Kaarel Holm: Estonia has had a lot of early success with start-ups. One name is especially well-known: Skype. Since Estonia is an extremely small country, these success stories immediately become a source of national pride and this entices other young entrepreneurs to build their businesses. In Germany, an individual start-up has a very hard time of becoming talk of the town, because the market is so much bigger, but in Estonia everybody knows about it and immediately gets excited.
Another important factor is the proactive approach the government has extended towards start-ups and the way it has promoted innovative solutions. This has become the norm for our citizens. In Estonia, you can do everything with your smartphone, be it voting or filing your tax paperwork.

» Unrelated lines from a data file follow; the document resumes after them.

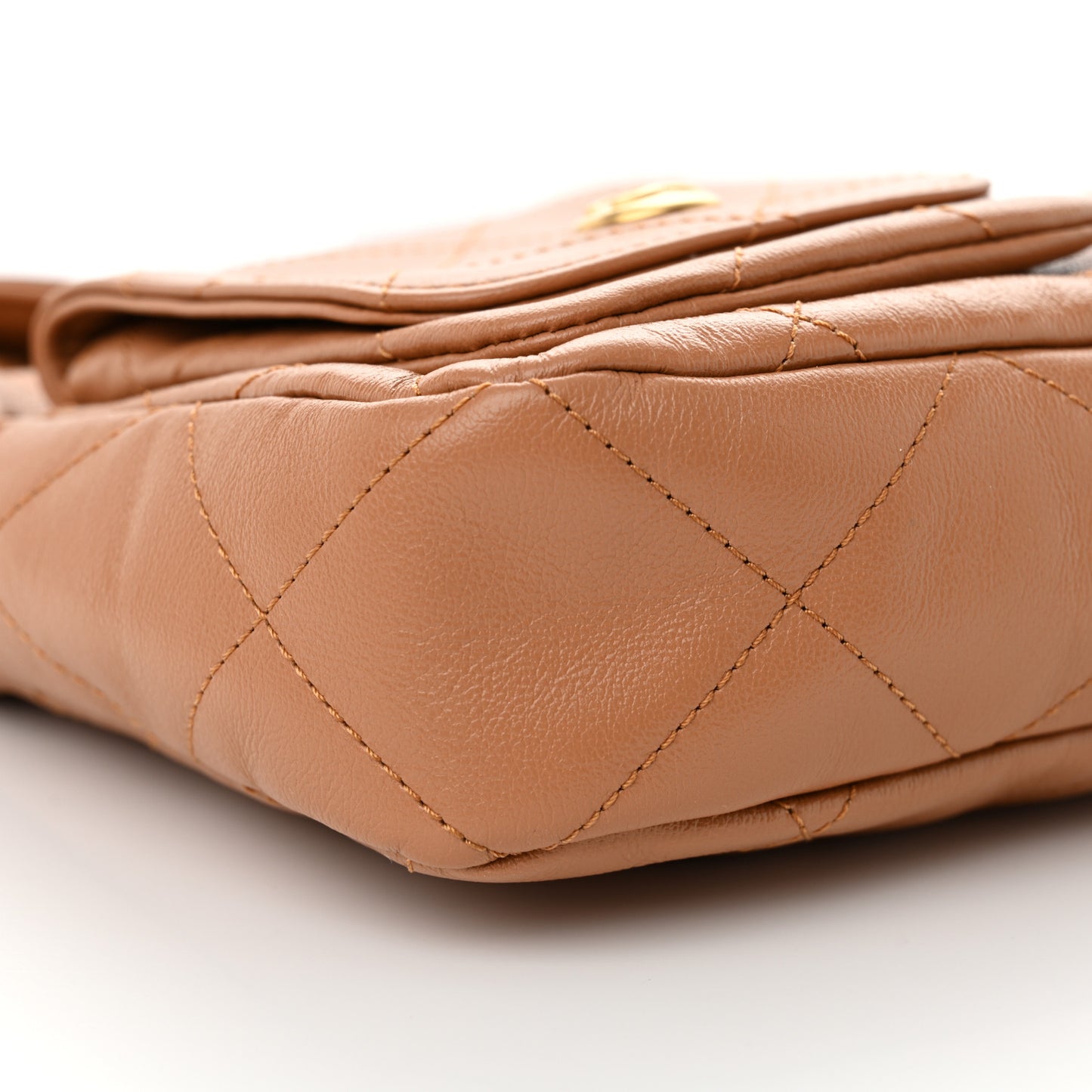 Shiny Calfskin Quilted Small Supple Twins Hobo Bag Brown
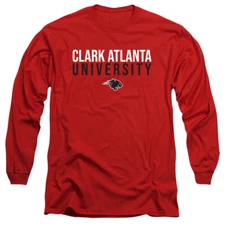 Clark Atlanta Adult Long Sleeve T-Shirt Panthers Stacked, Red, S-3XL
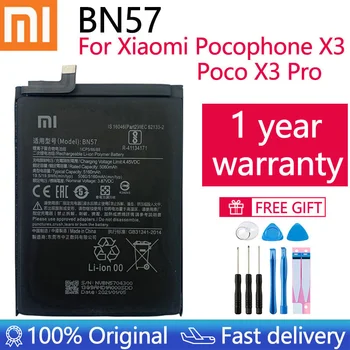 Original Xiao mi BN57 5160mAh Bateria Telefonului Pentru Xiaomi Pocophone X3 Poco X3 Pro Înlocuirea Bateriilor Bateria + Instrumente
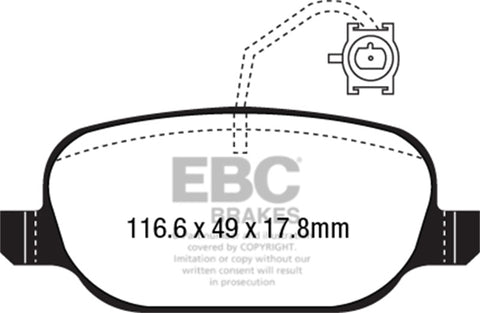 EBC 2014+ Alfa Romeo 4C 1.75L Turbo Yellowstuff Rear Brake Pads - DP42236R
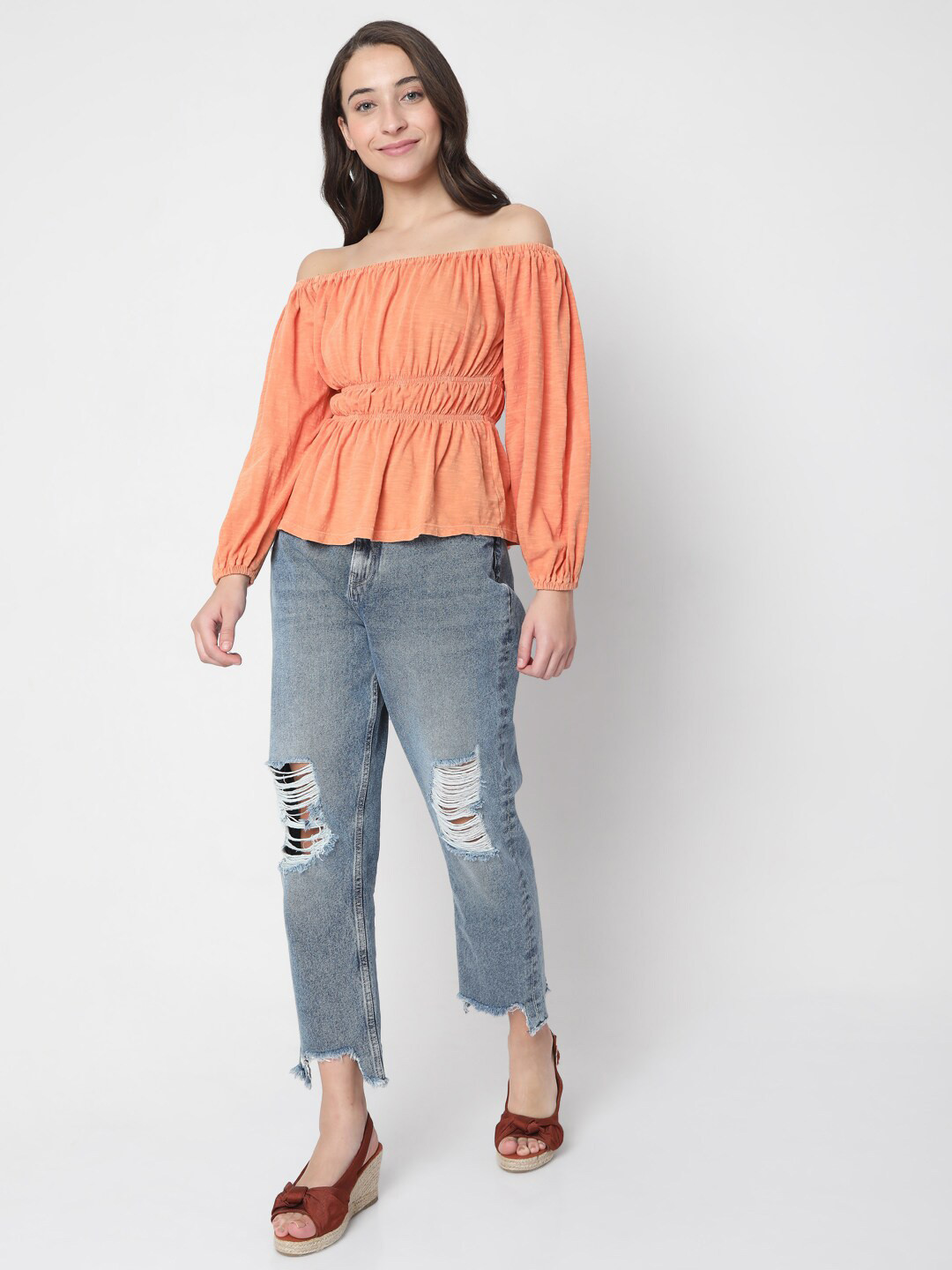 Vero Moda Orange Off-Shoulder Pure Cotton Top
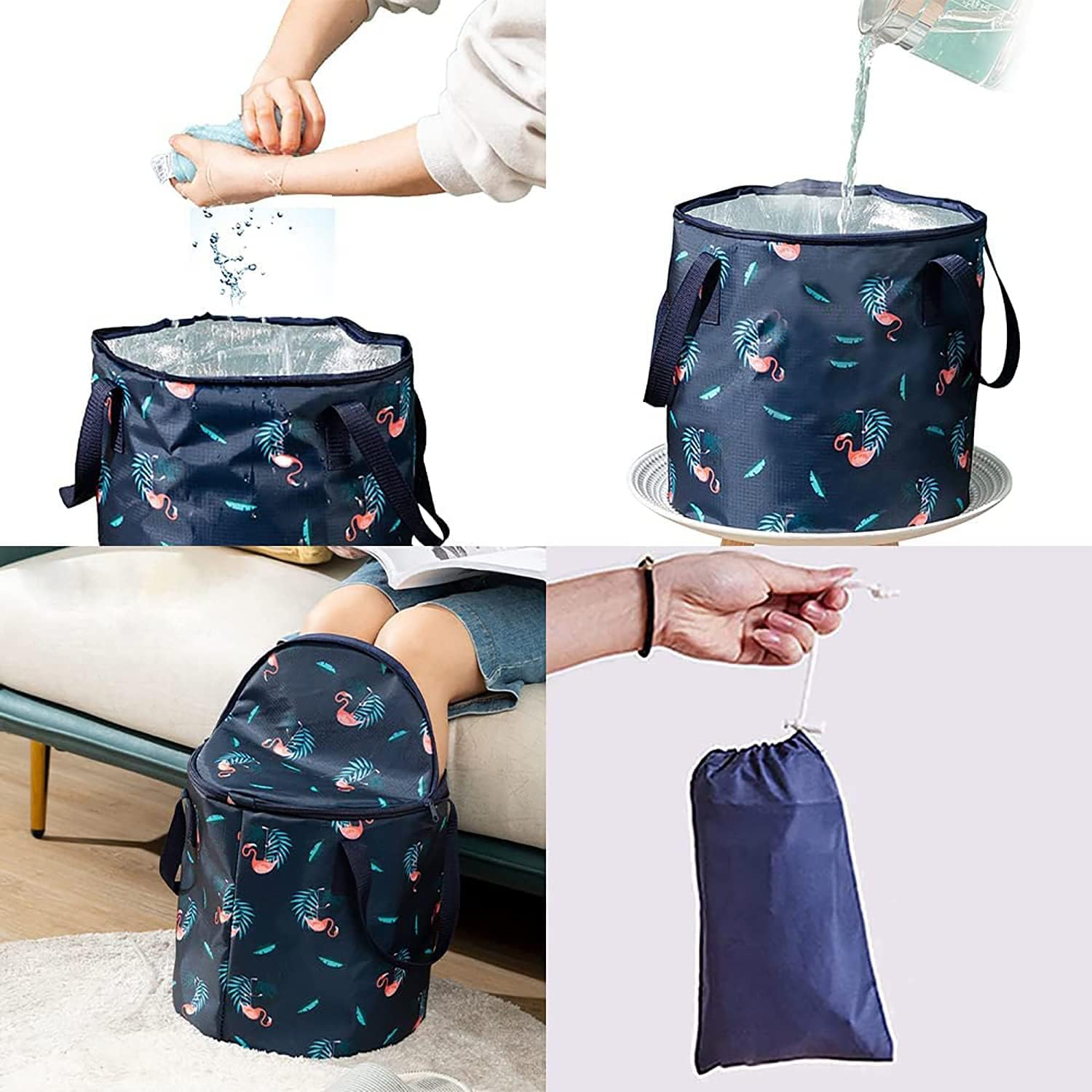 Collapsible Bucket for Soaking Feet, Portable Travel Foot Bath Tub, Insulated Foot Bath Bag with Lid，Foot Soaking Bath Basin Portable, Foot Spa Soaking Feet Home Pedicure Basin Outdoor Camping image number 4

Young entrepreneurs in Eastern Europe also share a narrative, which I believe is instrumental in explaining their drive, their ambition and their optimism: Our generation has seen how our countries have developed since the fall of the iron curtain. I was born in 1990 and experienced this first-hand: When I was a kid, there was nothing, virtually zero private companies at all, and in the years that followed, everything kind of appeared. We grew up in this environment where you constantly witnessed the country evolve and where everything was built from scratch, after we had become free from Soviet occupation.